Digital health startups have benefited from easy access to capital over the past few years, but the market is about to get a lot tighter.
Analysts and investors watching the space offered a sobering take Wednesday during one of the biggest industry meetings of the year, the J.P. Morgan Healthcare Conference, which is largely considered the event that sets the tone for the next 12 months.
A broader market selloff put a damper on the conference this week. Healthcare stocks have lost about 14.1% of their value over the past six months, compared with Standard & Poor's 500 Index's 10% drop.
Digital health is a trickier market than either technology or healthcare, in part because it's relatively new. Venture funding in digital health was just $1.1 billion in 2011, and exploded fourfold over the next four years.
But many companies still need to demonstrate that they can make money, and those that braved an initial public offering over the past two years have debuted with mixed success.
Shares of telehealth company Teladoc, for example, have lost about a third of their value, closing Tuesday at $18.63, compared with their July debut of $29.90.
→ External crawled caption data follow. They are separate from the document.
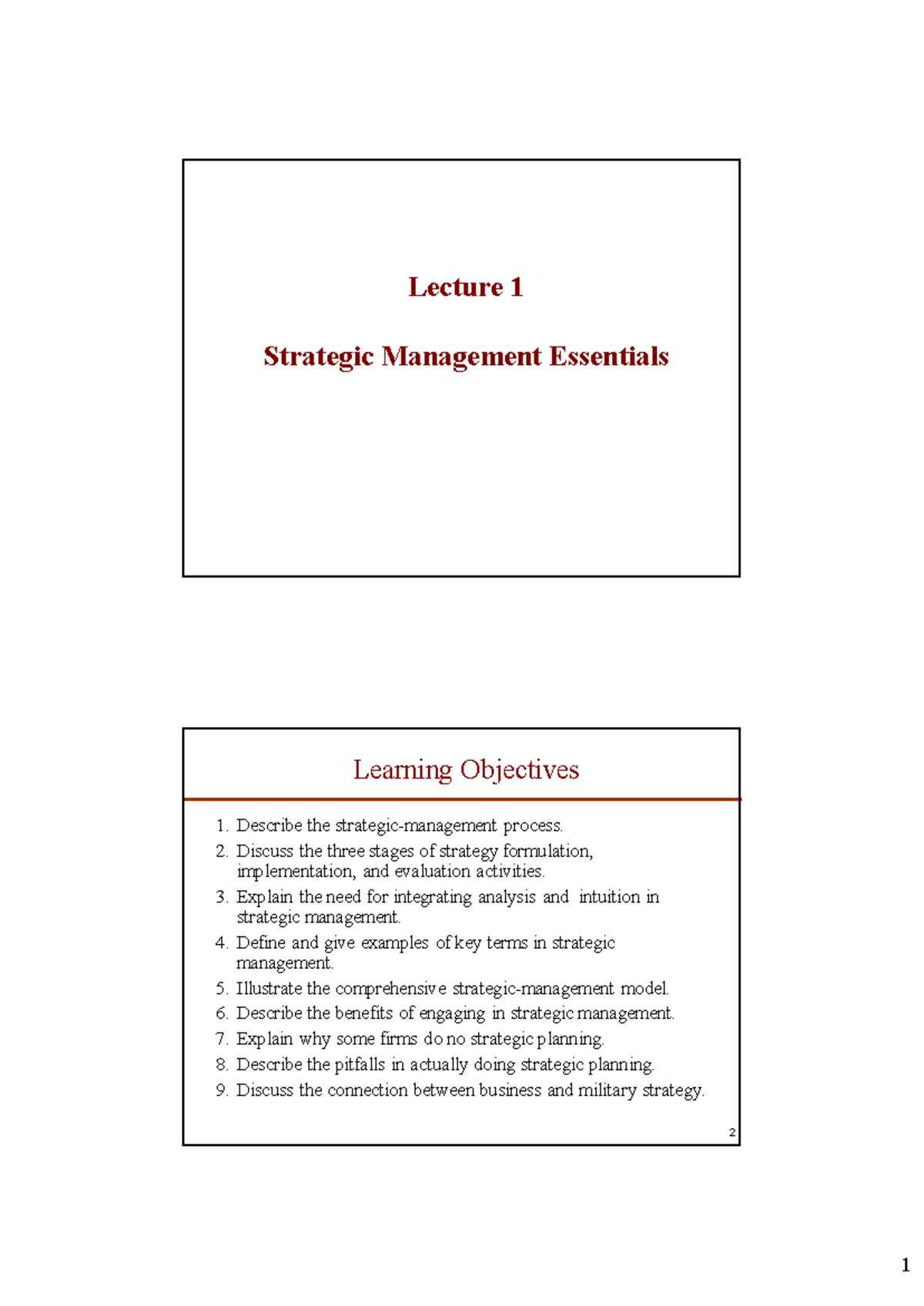 Lecture 1: Essentials of Strategic Management Overview - Studocu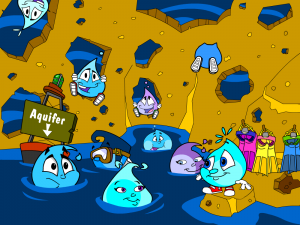 Great Water Odyssey video screen capture. Water in the aquifer
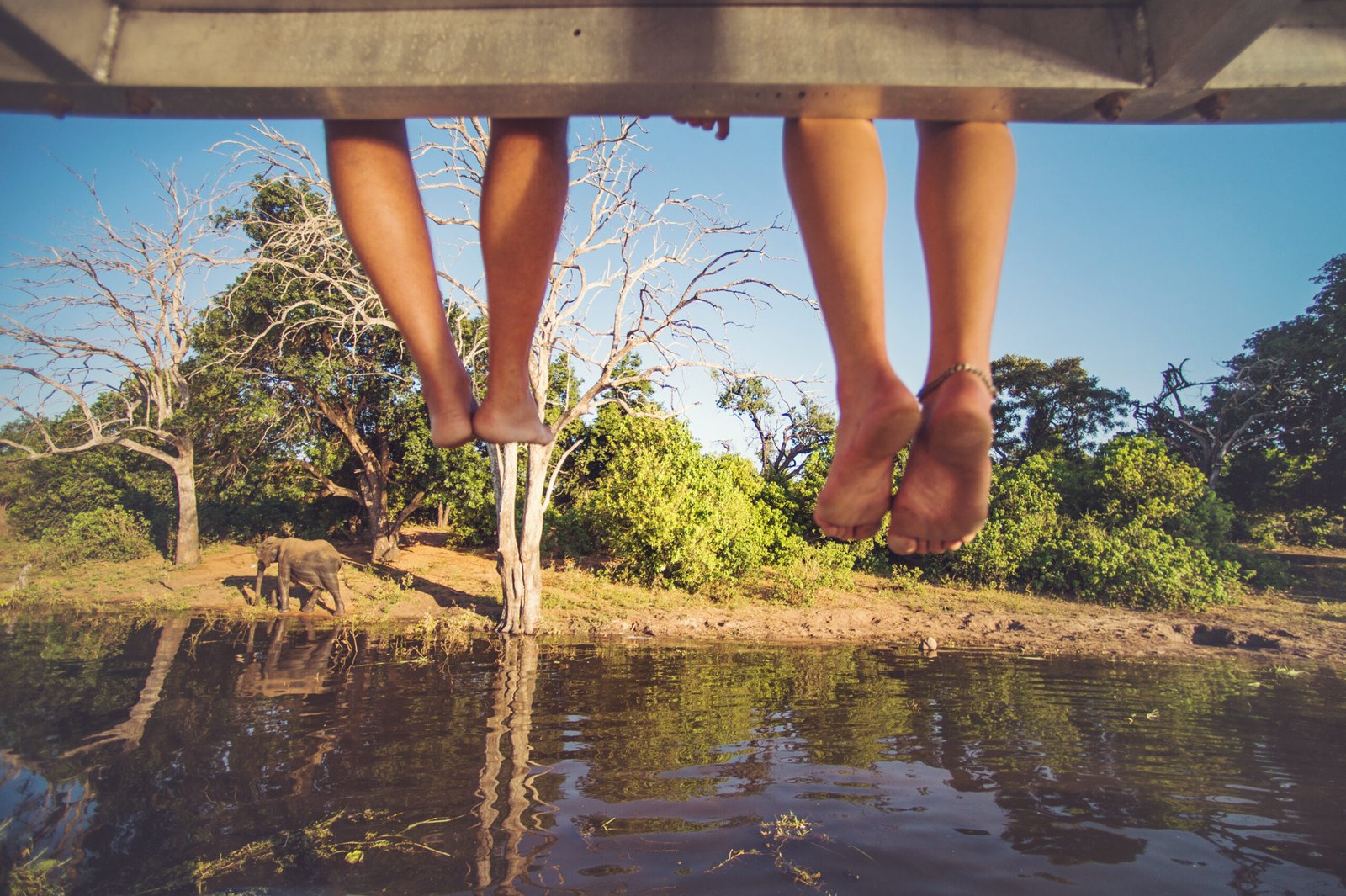 Bare feet hanging off boat on safari with elephant walking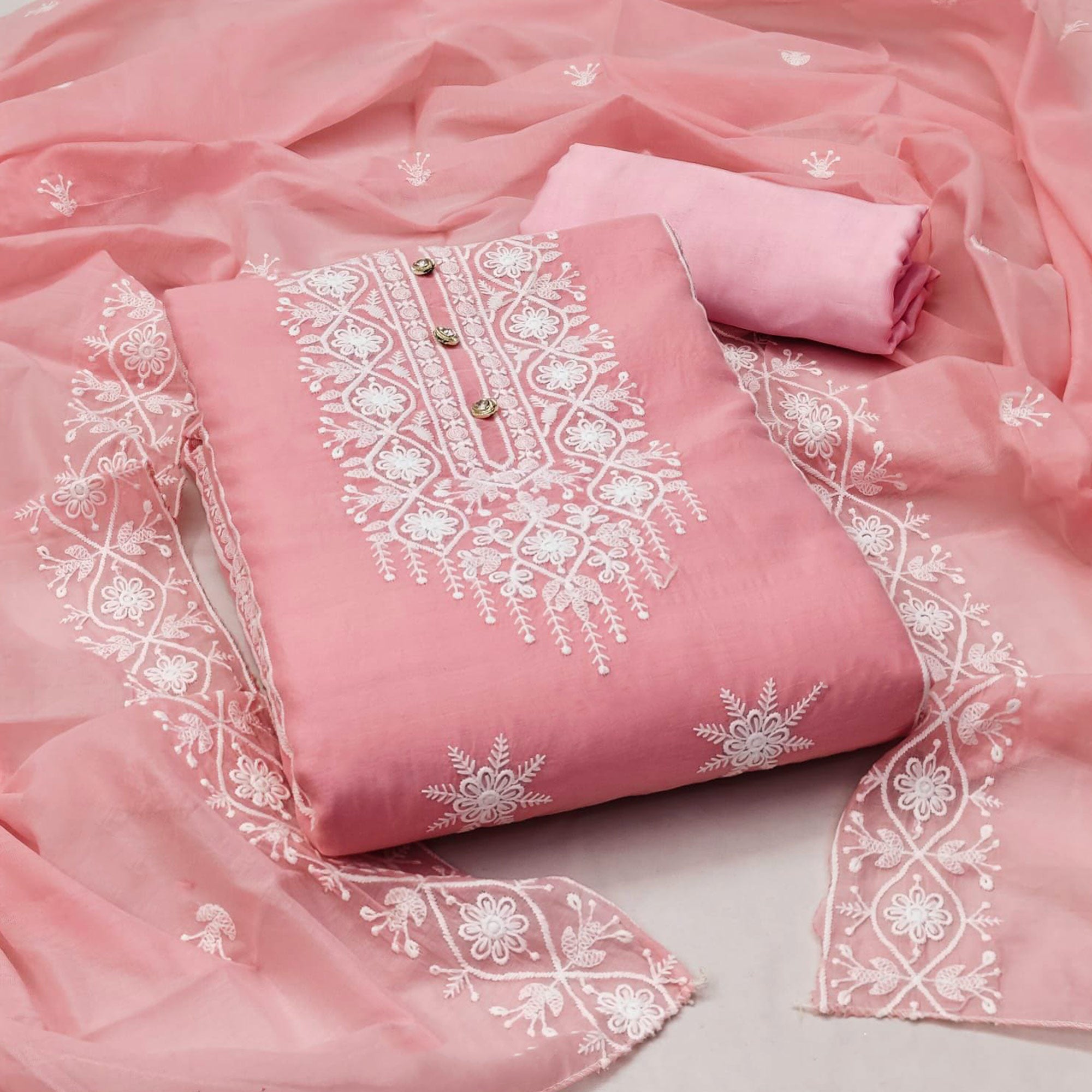 Pink Floral Embroidered Chanderi Dress Material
“People were willing up until August of last year to take a high flier,” or volatile stock, said Dave Francis, a managing director at RBC Capital Markets. He spoke at Health 2.0's WinterTech conference which ran concurrently with JP Morgan. “I would argue that if Teladoc were trying to go public today … they would have a very difficult time achieving the valuation that they saw on July 1 of last year.”
Castlight Health is often flagged as the classic example of a digital health firm that crashed in the public markets. Shares of the price-transparency company opened for trading in March 2014 at $37.50. Now they're worth $3.75.
Castlight had a “great technology engine” but was ahead of the market, Francis said. “Today, the only people paying attention to Castlight are value-oriented healthcare investors.”
Even digital health companies that are far from being candidates for stock market listings are likely to see a pullback in funds, and could find themselves raising less money from investors than they did in earlier financing rounds.
“There's going to a reset of expectations across the board,” Francis said.
Ruchita Sinha, director of healthcare for GE Ventures, had a similar prediction.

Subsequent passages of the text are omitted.